**Work instruction**
Look over the listing below and say how many of its lines include the string "Fire"; give no more than that number.

**Given entries**
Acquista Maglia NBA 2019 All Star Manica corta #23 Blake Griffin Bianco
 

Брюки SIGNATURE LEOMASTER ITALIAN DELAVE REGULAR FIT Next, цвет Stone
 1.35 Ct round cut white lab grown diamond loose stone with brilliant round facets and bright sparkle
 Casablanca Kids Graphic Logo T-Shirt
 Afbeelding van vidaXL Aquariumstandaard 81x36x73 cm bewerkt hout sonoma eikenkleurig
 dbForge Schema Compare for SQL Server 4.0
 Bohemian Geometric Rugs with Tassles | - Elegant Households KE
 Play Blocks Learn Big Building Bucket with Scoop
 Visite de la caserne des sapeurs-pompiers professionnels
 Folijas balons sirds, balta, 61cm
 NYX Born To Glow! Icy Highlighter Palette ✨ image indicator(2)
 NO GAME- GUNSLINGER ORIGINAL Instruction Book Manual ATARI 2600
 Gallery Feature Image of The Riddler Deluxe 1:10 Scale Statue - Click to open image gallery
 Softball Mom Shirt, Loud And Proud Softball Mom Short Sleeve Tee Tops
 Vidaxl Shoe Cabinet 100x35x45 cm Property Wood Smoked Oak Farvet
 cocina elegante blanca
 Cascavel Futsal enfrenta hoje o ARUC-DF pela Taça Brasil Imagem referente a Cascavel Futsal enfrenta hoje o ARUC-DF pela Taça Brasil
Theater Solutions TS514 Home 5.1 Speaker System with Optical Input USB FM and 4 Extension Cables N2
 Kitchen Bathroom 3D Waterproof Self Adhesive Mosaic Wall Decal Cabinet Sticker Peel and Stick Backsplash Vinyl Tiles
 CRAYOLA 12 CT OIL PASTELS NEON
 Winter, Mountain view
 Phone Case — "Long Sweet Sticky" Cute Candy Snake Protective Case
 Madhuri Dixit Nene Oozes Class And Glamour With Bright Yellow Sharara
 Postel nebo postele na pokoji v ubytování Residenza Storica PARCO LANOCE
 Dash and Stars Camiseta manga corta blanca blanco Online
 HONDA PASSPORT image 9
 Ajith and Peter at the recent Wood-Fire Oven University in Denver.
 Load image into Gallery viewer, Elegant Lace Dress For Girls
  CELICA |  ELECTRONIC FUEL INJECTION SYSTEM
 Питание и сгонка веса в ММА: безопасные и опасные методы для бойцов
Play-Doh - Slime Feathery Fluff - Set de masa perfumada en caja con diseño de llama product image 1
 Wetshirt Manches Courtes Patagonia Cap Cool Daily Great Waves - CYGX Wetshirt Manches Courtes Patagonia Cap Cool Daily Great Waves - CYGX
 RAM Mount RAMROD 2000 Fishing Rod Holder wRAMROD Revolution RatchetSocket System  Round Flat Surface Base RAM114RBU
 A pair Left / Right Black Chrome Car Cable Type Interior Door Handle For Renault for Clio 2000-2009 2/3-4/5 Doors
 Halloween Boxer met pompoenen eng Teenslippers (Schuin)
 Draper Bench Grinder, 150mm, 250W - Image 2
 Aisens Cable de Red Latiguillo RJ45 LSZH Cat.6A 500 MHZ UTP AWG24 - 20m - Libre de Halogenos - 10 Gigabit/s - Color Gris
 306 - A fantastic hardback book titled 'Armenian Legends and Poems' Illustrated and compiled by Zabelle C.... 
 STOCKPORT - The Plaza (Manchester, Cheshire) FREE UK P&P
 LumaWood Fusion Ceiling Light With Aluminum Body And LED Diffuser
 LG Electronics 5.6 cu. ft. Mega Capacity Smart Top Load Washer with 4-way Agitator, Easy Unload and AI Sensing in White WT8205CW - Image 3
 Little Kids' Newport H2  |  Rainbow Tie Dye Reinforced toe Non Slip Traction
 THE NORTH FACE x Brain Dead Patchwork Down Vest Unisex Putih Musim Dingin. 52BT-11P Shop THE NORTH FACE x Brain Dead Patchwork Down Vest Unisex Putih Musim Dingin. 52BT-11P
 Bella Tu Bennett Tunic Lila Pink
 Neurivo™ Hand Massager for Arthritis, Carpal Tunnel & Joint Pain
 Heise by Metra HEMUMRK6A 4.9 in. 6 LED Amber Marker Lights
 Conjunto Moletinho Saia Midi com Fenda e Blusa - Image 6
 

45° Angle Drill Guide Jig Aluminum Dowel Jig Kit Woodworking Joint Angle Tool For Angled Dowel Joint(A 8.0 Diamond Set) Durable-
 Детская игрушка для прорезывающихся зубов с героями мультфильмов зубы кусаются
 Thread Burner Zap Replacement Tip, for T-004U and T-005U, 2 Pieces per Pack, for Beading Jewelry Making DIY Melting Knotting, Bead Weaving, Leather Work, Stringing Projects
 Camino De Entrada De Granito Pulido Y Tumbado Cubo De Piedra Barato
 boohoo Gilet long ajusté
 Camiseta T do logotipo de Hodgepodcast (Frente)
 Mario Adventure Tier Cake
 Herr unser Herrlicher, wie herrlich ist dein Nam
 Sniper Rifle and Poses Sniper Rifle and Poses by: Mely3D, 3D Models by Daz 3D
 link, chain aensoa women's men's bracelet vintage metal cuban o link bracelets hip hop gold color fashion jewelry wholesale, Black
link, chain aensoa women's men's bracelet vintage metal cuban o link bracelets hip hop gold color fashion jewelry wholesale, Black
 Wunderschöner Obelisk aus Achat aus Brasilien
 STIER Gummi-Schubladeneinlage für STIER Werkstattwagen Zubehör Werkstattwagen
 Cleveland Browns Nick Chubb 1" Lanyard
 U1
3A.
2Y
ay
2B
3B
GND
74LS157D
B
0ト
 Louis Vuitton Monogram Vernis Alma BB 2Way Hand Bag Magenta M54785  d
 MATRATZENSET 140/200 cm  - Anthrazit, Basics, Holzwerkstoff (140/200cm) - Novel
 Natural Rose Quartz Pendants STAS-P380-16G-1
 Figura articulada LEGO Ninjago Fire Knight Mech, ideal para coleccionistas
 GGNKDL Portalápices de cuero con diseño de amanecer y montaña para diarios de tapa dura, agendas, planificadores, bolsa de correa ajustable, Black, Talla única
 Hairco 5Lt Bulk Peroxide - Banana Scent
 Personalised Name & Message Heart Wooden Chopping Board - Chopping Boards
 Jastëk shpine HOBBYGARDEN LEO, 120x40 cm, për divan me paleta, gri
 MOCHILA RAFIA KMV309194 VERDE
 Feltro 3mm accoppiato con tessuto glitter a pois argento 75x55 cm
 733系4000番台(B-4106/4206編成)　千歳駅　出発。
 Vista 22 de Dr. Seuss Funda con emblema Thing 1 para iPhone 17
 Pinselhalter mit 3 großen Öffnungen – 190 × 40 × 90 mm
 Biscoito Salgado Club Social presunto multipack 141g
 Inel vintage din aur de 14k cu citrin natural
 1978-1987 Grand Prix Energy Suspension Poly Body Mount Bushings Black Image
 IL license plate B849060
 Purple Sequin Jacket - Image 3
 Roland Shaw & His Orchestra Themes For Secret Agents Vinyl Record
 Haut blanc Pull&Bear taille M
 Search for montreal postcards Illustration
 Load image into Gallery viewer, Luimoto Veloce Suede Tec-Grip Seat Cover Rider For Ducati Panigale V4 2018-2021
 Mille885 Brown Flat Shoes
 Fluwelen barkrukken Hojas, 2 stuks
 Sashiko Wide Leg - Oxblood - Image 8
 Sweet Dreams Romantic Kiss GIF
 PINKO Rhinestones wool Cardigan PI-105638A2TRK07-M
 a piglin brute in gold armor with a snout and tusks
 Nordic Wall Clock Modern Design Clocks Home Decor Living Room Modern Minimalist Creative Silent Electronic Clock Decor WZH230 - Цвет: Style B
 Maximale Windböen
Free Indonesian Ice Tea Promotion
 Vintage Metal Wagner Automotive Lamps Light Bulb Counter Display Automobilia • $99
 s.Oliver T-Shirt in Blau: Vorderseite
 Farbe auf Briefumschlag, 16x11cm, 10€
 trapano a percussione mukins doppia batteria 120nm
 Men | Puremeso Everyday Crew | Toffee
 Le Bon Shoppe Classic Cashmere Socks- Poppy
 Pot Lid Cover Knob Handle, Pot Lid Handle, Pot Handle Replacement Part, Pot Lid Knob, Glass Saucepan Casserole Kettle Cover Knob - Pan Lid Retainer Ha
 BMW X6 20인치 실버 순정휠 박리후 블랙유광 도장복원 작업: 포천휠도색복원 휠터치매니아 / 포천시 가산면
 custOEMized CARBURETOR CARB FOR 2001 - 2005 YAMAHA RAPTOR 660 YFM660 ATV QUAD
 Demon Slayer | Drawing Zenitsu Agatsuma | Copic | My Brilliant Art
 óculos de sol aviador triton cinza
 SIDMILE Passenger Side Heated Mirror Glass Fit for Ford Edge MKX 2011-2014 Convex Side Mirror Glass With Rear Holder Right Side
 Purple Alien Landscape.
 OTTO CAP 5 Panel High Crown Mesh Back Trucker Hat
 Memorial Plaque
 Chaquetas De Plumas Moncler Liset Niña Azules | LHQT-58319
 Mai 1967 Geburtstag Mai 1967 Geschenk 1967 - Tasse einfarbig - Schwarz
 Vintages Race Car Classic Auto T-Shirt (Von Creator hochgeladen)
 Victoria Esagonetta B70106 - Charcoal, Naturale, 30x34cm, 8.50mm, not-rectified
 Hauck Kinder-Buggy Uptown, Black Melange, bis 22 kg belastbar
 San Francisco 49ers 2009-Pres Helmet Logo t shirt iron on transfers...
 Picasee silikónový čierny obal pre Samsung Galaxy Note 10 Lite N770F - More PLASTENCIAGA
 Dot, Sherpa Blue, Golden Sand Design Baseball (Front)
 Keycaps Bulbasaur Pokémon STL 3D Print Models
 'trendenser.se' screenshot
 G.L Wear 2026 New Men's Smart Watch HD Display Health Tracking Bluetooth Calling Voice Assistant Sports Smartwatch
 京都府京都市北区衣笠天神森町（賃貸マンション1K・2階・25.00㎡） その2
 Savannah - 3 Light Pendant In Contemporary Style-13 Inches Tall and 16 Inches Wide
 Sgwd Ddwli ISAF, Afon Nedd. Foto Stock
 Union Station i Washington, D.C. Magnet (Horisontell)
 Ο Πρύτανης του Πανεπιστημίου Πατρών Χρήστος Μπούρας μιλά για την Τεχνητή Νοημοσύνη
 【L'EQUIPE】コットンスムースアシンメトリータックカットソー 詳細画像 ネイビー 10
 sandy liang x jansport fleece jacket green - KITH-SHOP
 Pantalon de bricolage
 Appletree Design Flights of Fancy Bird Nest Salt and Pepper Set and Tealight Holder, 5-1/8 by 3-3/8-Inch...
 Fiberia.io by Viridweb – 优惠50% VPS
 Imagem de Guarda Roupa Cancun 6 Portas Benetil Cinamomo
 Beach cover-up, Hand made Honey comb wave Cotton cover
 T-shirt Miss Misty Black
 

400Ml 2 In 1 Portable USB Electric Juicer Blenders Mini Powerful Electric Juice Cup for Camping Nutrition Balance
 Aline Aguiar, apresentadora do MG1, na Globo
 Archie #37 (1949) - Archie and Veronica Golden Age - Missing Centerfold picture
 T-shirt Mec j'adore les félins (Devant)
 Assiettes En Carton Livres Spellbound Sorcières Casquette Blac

**Response below**
2